Département de justice et police

L’avis relatif à l’intervention est disponible

Wortlaut

1. Dans le cadre des renvois que la Suisse effectue via SwissREPAT, quels sont les États de transit ou/et compagnies privilégiés pour ses vols de retour ?

2. Parmi les vols de retour effectués via SwissREPAT, quel pourcentage d'entre eux indépendamment de la destination finale font escale par la Turquie ou l’Éthiopie ?

3. La Confédération perçoit-elle des prix préférentiels ou des contreparties financières de la part de Frontex ou d'autres acteurs pour faire transiter ces vols par des États tiers constituant un détour par rapport à la destination finale ?

4. La Confédération a-t-elle conclu des accords avec des États ou compagnies aériennes permettant des vols sans détour vers la destination finale notamment quand elle se situe à l'ouest de la Suisse ?

5. Quel est le bilan carbone annuel depuis 2020 imputable aux détours effectués par les vols de retour via des destinations de transit situés à l'opposé des destinations finales ?

6. Comment procèdent les États européens pour la détermination de leur plan de vol de retour ?

Begründung

La Suisse est un des États qui pratique le plus de renvois de requérantes et requérants d'asile incluant familles, femmes et enfants. Dans le cadre de l'accord Schengen/Dublin, les vols de retour interviennent via le service aéroportuaire SwissREPAT rattaché au SEM vers des pays situés à l'extérieur de cet espace avec la collaboration de l'agence européenne de gardes frontières Frontex.

Plusieurs vols de retour transitent par la Turquie ou l’Éthiopie y compris quand la destination finale se situe à l'ouest de l'Europe. Des passagers renvoyés de la Suisse vers l'Amérique du Sud peuvent par exemple transiter par un vol via la Turquie.

Bien que le premier transit ne puisse avoir lieu dans un pays européen, la situation actuelle est incompréhensible. Pour les personnes et les familles concernées, des détours par des pays situés à l'opposé de leur destination est un indéniable facteur de stress. D’autres solutions existent comme réserver les vols via l’Organisation internationale des migrations (OIM) qui assure le transit sur sol européen ou passer un accord avec un pays extra-européen (ou une compagnie de l'État en question) situé à l’ouest de la Suisse pour les vols de retour dans cette direction.

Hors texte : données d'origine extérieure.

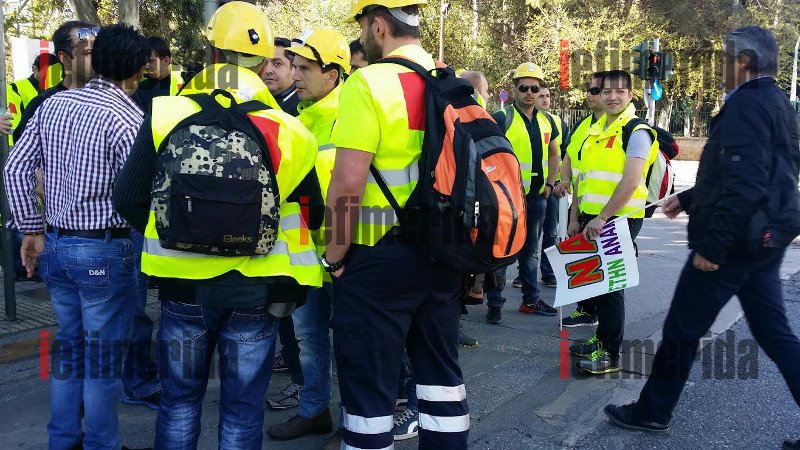 Από τις Σκουριές στην Αθήνα - Πορεία και συγκέντρωση στη Βουλή από 5.000 μεταλλωρύχους [εικόνες&βίντεο] | iefimerida.gr 10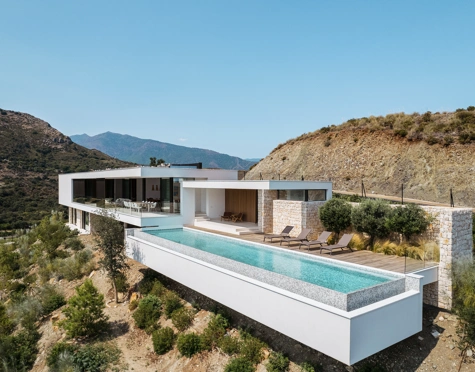 EXQUISITA VILLA DE LUJO CON VISTAS PANORAMICAS EN VENTA EN BENAHAVIS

Stellungnahme des Bundesrates

Lorsqu’il réserve des vols de retour, le Secrétariat d'État aux migrations (SEM) choisit principalement les cinq pays de transit suivants : l’Allemagne, la France, la Pologne, le Portugal et la Turquie. Entre janvier 2024 et juin 2025, la part des retours avec escale en Turquie était de 5 %, celle avec escale en Éthiopie de 0,3 %. Non. Frontex assume les frais de vol quel que soit l’itinéraire. Le service d'achat central de l’administration fédérale pour le secteur des voyages d’affaires (Centrale des voyages de la Confédération au Département fédéral des affaires étrangères) a négocié des tarifs préférentiels avec toute une série de compagnies aériennes, aussi bien pour des liaisons directes que pour des vols de transit vers des États de destination situés à l’ouest de la Suisse. Le SEM réserve les billets en se fondant sur des critères tels que les places disponibles sur des vols directs et les coûts qui en résultent. Lorsque les personnes concernées sont considérées comme vulnérables, il travaille en principe avec l’Organisation internationale pour les migrations afin de garantir que les conditions générales du voyage tiennent compte autant que possible de la situation de ces personnes. L’administration fédérale ne dispose pas de ces chiffres. La pratique des autres pays européens est similaire à celle de la Suisse.